__Saved entries__.
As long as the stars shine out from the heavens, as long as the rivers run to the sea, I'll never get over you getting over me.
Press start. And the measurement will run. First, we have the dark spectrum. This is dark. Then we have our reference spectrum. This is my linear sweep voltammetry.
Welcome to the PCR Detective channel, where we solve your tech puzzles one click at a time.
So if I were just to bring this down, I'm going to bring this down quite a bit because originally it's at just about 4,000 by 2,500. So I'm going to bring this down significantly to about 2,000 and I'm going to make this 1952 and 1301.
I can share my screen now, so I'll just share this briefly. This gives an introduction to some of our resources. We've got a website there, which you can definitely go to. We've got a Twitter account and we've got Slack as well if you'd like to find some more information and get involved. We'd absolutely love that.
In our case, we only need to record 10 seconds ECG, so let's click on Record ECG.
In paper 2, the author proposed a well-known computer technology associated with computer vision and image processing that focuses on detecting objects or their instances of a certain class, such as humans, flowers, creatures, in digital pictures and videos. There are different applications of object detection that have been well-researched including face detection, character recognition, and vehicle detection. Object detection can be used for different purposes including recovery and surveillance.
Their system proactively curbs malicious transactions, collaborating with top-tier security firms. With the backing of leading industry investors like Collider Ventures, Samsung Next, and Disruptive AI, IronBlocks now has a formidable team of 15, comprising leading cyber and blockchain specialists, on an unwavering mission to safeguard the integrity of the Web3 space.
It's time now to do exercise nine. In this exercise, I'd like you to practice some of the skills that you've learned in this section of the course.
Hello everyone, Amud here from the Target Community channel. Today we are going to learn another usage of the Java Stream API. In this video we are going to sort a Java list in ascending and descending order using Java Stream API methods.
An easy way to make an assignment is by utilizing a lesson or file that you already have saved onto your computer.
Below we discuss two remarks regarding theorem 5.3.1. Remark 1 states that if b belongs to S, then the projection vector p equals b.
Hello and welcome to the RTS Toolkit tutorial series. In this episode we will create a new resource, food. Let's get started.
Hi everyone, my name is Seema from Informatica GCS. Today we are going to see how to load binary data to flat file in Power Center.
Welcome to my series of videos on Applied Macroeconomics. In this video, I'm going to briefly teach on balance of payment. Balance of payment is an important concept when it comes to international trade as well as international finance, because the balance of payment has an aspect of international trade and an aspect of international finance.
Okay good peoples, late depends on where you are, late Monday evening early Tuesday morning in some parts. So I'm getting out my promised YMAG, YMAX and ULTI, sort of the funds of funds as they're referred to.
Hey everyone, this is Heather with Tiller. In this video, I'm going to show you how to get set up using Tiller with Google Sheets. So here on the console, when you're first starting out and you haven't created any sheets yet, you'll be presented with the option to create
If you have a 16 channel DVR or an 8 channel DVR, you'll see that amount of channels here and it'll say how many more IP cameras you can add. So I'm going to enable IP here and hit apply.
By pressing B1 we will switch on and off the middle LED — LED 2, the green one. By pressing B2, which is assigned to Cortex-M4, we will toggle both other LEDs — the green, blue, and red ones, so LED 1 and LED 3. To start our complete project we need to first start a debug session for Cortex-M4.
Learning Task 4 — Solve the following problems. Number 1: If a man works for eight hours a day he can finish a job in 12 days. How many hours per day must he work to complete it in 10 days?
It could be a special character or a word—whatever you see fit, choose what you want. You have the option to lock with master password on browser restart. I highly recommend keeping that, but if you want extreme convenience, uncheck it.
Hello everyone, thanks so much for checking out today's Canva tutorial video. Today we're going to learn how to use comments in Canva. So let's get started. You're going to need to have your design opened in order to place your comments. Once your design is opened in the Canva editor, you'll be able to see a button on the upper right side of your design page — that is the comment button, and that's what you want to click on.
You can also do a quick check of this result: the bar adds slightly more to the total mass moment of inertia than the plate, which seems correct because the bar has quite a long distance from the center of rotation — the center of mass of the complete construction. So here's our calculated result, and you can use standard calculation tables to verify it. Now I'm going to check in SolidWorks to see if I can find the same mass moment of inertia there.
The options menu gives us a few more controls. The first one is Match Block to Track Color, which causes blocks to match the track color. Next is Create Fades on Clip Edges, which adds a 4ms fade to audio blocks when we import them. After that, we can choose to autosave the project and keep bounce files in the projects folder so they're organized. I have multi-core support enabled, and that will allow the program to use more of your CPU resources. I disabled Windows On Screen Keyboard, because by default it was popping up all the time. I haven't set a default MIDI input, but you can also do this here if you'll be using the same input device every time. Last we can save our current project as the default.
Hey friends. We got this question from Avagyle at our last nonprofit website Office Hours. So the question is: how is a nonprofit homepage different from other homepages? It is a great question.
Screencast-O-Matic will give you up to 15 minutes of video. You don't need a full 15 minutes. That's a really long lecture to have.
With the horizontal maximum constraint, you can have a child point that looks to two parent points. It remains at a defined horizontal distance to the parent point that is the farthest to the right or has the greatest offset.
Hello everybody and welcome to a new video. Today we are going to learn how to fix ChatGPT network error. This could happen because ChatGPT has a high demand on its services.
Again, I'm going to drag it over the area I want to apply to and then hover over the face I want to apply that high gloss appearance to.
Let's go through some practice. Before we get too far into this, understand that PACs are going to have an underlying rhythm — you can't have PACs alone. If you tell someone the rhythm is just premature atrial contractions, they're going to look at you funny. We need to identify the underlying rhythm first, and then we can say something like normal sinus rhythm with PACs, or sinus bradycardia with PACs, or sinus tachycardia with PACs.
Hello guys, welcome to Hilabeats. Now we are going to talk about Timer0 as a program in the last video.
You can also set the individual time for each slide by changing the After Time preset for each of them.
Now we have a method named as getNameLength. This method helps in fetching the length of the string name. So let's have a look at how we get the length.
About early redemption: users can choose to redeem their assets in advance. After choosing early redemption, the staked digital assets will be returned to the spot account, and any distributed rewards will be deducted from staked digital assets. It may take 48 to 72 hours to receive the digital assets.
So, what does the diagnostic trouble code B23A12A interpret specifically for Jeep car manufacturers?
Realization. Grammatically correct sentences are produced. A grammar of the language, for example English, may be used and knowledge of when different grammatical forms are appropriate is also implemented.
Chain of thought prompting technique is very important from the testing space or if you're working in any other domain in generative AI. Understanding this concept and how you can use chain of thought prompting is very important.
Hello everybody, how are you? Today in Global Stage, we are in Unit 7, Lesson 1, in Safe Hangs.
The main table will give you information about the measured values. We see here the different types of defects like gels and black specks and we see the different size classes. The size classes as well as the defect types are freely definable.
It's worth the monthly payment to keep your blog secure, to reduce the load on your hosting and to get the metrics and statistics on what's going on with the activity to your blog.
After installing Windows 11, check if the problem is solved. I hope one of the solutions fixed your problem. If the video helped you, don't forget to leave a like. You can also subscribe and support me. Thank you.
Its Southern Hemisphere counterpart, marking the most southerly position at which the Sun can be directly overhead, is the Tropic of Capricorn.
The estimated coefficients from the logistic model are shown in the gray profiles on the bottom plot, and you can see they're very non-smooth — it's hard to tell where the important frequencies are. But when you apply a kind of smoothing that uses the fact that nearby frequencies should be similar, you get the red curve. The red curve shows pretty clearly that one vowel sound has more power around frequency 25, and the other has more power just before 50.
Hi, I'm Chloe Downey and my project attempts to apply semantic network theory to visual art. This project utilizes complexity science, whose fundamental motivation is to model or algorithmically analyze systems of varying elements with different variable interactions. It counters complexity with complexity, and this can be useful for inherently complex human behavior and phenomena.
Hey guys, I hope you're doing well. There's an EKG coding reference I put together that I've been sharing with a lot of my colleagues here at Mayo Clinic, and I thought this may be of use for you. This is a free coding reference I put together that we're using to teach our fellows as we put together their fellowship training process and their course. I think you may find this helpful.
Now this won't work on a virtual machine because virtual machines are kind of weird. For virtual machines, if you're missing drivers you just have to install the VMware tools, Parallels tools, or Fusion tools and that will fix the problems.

__Exercise description__. The full set of entries must be transcribed exactly.

__Exercise answer__.
As long as the stars shine out from the heavens, as long as the rivers run to the sea, I'll never get over you getting over me.
Press start. And the measurement will run. First, we have the dark spectrum. This is dark. Then we have our reference spectrum. This is my linear sweep voltammetry.
Welcome to the PCR Detective channel, where we solve your tech puzzles one click at a time.
So if I were just to bring this down, I'm going to bring this down quite a bit because originally it's at just about 4,000 by 2,500. So I'm going to bring this down significantly to about 2,000 and I'm going to make this 1952 and 1301.
I can share my screen now, so I'll just share this briefly. This gives an introduction to some of our resources. We've got a website there, which you can definitely go to. We've got a Twitter account and we've got Slack as well if you'd like to find some more information and get involved. We'd absolutely love that.
In our case, we only need to record 10 seconds ECG, so let's click on Record ECG.
In paper 2, the author proposed a well-known computer technology associated with computer vision and image processing that focuses on detecting objects or their instances of a certain class, such as humans, flowers, creatures, in digital pictures and videos. There are different applications of object detection that have been well-researched including face detection, character recognition, and vehicle detection. Object detection can be used for different purposes including recovery and surveillance.
Their system proactively curbs malicious transactions, collaborating with top-tier security firms. With the backing of leading industry investors like Collider Ventures, Samsung Next, and Disruptive AI, IronBlocks now has a formidable team of 15, comprising leading cyber and blockchain specialists, on an unwavering mission to safeguard the integrity of the Web3 space.
It's time now to do exercise nine. In this exercise, I'd like you to practice some of the skills that you've learned in this section of the course.
Hello everyone, Amud here from the Target Community channel. Today we are going to learn another usage of the Java Stream API. In this video we are going to sort a Java list in ascending and descending order using Java Stream API methods.
An easy way to make an assignment is by utilizing a lesson or file that you already have saved onto your computer.
Below we discuss two remarks regarding theorem 5.3.1. Remark 1 states that if b belongs to S, then the projection vector p equals b.
Hello and welcome to the RTS Toolkit tutorial series. In this episode we will create a new resource, food. Let's get started.
Hi everyone, my name is Seema from Informatica GCS. Today we are going to see how to load binary data to flat file in Power Center.
Welcome to my series of videos on Applied Macroeconomics. In this video, I'm going to briefly teach on balance of payment. Balance of payment is an important concept when it comes to international trade as well as international finance, because the balance of payment has an aspect of international trade and an aspect of international finance.
Okay good peoples, late depends on where you are, late Monday evening early Tuesday morning in some parts. So I'm getting out my promised YMAG, YMAX and ULTI, sort of the funds of funds as they're referred to.
Hey everyone, this is Heather with Tiller. In this video, I'm going to show you how to get set up using Tiller with Google Sheets. So here on the console, when you're first starting out and you haven't created any sheets yet, you'll be presented with the option to create
If you have a 16 channel DVR or an 8 channel DVR, you'll see that amount of channels here and it'll say how many more IP cameras you can add. So I'm going to enable IP here and hit apply.
By pressing B1 we will switch on and off the middle LED — LED 2, the green one. By pressing B2, which is assigned to Cortex-M4, we will toggle both other LEDs — the green, blue, and red ones, so LED 1 and LED 3. To start our complete project we need to first start a debug session for Cortex-M4.
Learning Task 4 — Solve the following problems. Number 1: If a man works for eight hours a day he can finish a job in 12 days. How many hours per day must he work to complete it in 10 days?
It could be a special character or a word—whatever you see fit, choose what you want. You have the option to lock with master password on browser restart. I highly recommend keeping that, but if you want extreme convenience, uncheck it.
Hello everyone, thanks so much for checking out today's Canva tutorial video. Today we're going to learn how to use comments in Canva. So let's get started. You're going to need to have your design opened in order to place your comments. Once your design is opened in the Canva editor, you'll be able to see a button on the upper right side of your design page — that is the comment button, and that's what you want to click on.
You can also do a quick check of this result: the bar adds slightly more to the total mass moment of inertia than the plate, which seems correct because the bar has quite a long distance from the center of rotation — the center of mass of the complete construction. So here's our calculated result, and you can use standard calculation tables to verify it. Now I'm going to check in SolidWorks to see if I can find the same mass moment of inertia there.
The options menu gives us a few more controls. The first one is Match Block to Track Color, which causes blocks to match the track color. Next is Create Fades on Clip Edges, which adds a 4ms fade to audio blocks when we import them. After that, we can choose to autosave the project and keep bounce files in the projects folder so they're organized. I have multi-core support enabled, and that will allow the program to use more of your CPU resources. I disabled Windows On Screen Keyboard, because by default it was popping up all the time. I haven't set a default MIDI input, but you can also do this here if you'll be using the same input device every time. Last we can save our current project as the default.
Hey friends. We got this question from Avagyle at our last nonprofit website Office Hours. So the question is: how is a nonprofit homepage different from other homepages? It is a great question.
Screencast-O-Matic will give you up to 15 minutes of video. You don't need a full 15 minutes. That's a really long lecture to have.
With the horizontal maximum constraint, you can have a child point that looks to two parent points. It remains at a defined horizontal distance to the parent point that is the farthest to the right or has the greatest offset.
Hello everybody and welcome to a new video. Today we are going to learn how to fix ChatGPT network error. This could happen because ChatGPT has a high demand on its services.
Again, I'm going to drag it over the area I want to apply to and then hover over the face I want to apply that high gloss appearance to.
Let's go through some practice. Before we get too far into this, understand that PACs are going to have an underlying rhythm — you can't have PACs alone. If you tell someone the rhythm is just premature atrial contractions, they're going to look at you funny. We need to identify the underlying rhythm first, and then we can say something like normal sinus rhythm with PACs, or sinus bradycardia with PACs, or sinus tachycardia with PACs.
Hello guys, welcome to Hilabeats. Now we are going to talk about Timer0 as a program in the last video.
You can also set the individual time for each slide by changing the After Time preset for each of them.
Now we have a method named as getNameLength. This method helps in fetching the length of the string name. So let's have a look at how we get the length.
About early redemption: users can choose to redeem their assets in advance. After choosing early redemption, the staked digital assets will be returned to the spot account, and any distributed rewards will be deducted from staked digital assets. It may take 48 to 72 hours to receive the digital assets.
So, what does the diagnostic trouble code B23A12A interpret specifically for Jeep car manufacturers?
Realization. Grammatically correct sentences are produced. A grammar of the language, for example English, may be used and knowledge of when different grammatical forms are appropriate is also implemented.
Chain of thought prompting technique is very important from the testing space or if you're working in any other domain in generative AI. Understanding this concept and how you can use chain of thought prompting is very important.
Hello everybody, how are you? Today in Global Stage, we are in Unit 7, Lesson 1, in Safe Hangs.
The main table will give you information about the measured values. We see here the different types of defects like gels and black specks and we see the different size classes. The size classes as well as the defect types are freely definable.
It's worth the monthly payment to keep your blog secure, to reduce the load on your hosting and to get the metrics and statistics on what's going on with the activity to your blog.
After installing Windows 11, check if the problem is solved. I hope one of the solutions fixed your problem. If the video helped you, don't forget to leave a like. You can also subscribe and support me. Thank you.
Its Southern Hemisphere counterpart, marking the most southerly position at which the Sun can be directly overhead, is the Tropic of Capricorn.
The estimated coefficients from the logistic model are shown in the gray profiles on the bottom plot, and you can see they're very non-smooth — it's hard to tell where the important frequencies are. But when you apply a kind of smoothing that uses the fact that nearby frequencies should be similar, you get the red curve. The red curve shows pretty clearly that one vowel sound has more power around frequency 25, and the other has more power just before 50.
Hi, I'm Chloe Downey and my project attempts to apply semantic network theory to visual art. This project utilizes complexity science, whose fundamental motivation is to model or algorithmically analyze systems of varying elements with different variable interactions. It counters complexity with complexity, and this can be useful for inherently complex human behavior and phenomena.
Hey guys, I hope you're doing well. There's an EKG coding reference I put together that I've been sharing with a lot of my colleagues here at Mayo Clinic, and I thought this may be of use for you. This is a free coding reference I put together that we're using to teach our fellows as we put together their fellowship training process and their course. I think you may find this helpful.
Now this won't work on a virtual machine because virtual machines are kind of weird. For virtual machines, if you're missing drivers you just have to install the VMware tools, Parallels tools, or Fusion tools and that will fix the problems.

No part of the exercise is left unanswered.